Entrevista: Gunter Axt


Nascido na capital gaúcha, o historiador Gunter Axt ajuda, com suas publicações, a registrar e estudar a identidade cultural do brasileiro. No ano que passou, o autor empenhou-se na produção de quatro livros, dos quais três tratavam sobre o Rio Grande do Sul, sendo que dois deles possuíam como foco central a cidade de Porto Alegre.

Devido à contínua atuação de Axt na retratação do porto-alegrense e gaúcho, conversamos por e-mail com o autor sobre a função do historiador, os campos da Literatura e da História e suas produções culturais em 2011.

CLL - Em que medida o trabalho do historiador, na exposição da construção da identidade cultural de um povo, exerce efeito na sociedade retratada?

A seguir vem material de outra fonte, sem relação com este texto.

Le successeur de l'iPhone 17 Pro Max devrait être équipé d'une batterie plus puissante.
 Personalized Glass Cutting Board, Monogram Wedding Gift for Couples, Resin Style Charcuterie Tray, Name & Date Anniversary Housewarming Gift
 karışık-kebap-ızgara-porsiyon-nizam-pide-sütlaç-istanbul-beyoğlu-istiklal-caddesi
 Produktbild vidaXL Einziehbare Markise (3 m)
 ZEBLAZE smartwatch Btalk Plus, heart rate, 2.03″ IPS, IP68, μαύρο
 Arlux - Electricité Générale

Cada época, cada sociedade, compreende ao seu modo a função do historiador. Na antiguidade Greco-romana, a sua centralidade cultural era notória. Heródoto, Tucídites e Homero ao contarem histórias, falavam das tradições, reproduziam valores da comunhão social, faziam literatura e poesia e se remetiam ainda ao universo do sagrado. No século XIX, o ofício do historiador esteve umbilicalmente ligado à construção e consolidação dos estados nacionais. No Brasil, por exemplo, a fundação do Instituto Histórico e Geográfico relaciona-se com o processo de independência de Portugal e o trabalho de Adolpho de Varnhagen, nosso primeiro grande historiador, ao fazer o elogio da colonização portuguesa e da sociedade patriarcal, sustenta a viabilidade de um Brasil autônomo, desde que sob o tirocínio da monarquia. O filósofo italiano Benedetto Crocce, por sua vez, prestigiou de tal modo o ofício do historiador que atribuiu à disciplina da história o lócus privilegiado para a produção de sentidos nas Humanidades, espaço até então ocupado pela Filosofia. Isto porque, para ele, a boa história seria aquela que inquire o passado a partir de impasses dispostos no presente, procurando forjar-lhes explicações. Nesse sentido, a história dinâmica e criativa nada teria a ver com uma filológica coleção de datas, fatos e documentos, nem tampouco com o elogio poético ou laudatório de uma biografia ou de uma nação, mas sua função repousaria na construção de nexos explicativos para as pessoas. Eis aí um ponto de convergência entre a história ciência e a história aplicada, isto é, aquela de matiz mais acadêmico e a que dialoga com um público amplo. E, de fato, sinto que vem crescendo a demanda da sociedade pela oferta de nexos e sentidos entre um presente excessivamente acelerado e fragmentado e o passado. Há uns 20 anos atrás, olhávamos para os franceses com admiração quando percebíamos que na França livros de história podiam ser Best-sellers. Esta já é uma realidade no Brasil. Hoje, são os intelectuais franceses que olham com admiração para o Brasil, atentos à efervescência do nosso mercado editorial, à excelência das revistas de divulgação de cultura e ao gigantismo dos nossos congressos de historiadores. A opinião dos historiadores é cada vez mais requisitada. Ainda há um longo e árduo caminho a ser percorrido para a valorização do ofício do historiador no Brasil, mas, penso, já se avançou bastante.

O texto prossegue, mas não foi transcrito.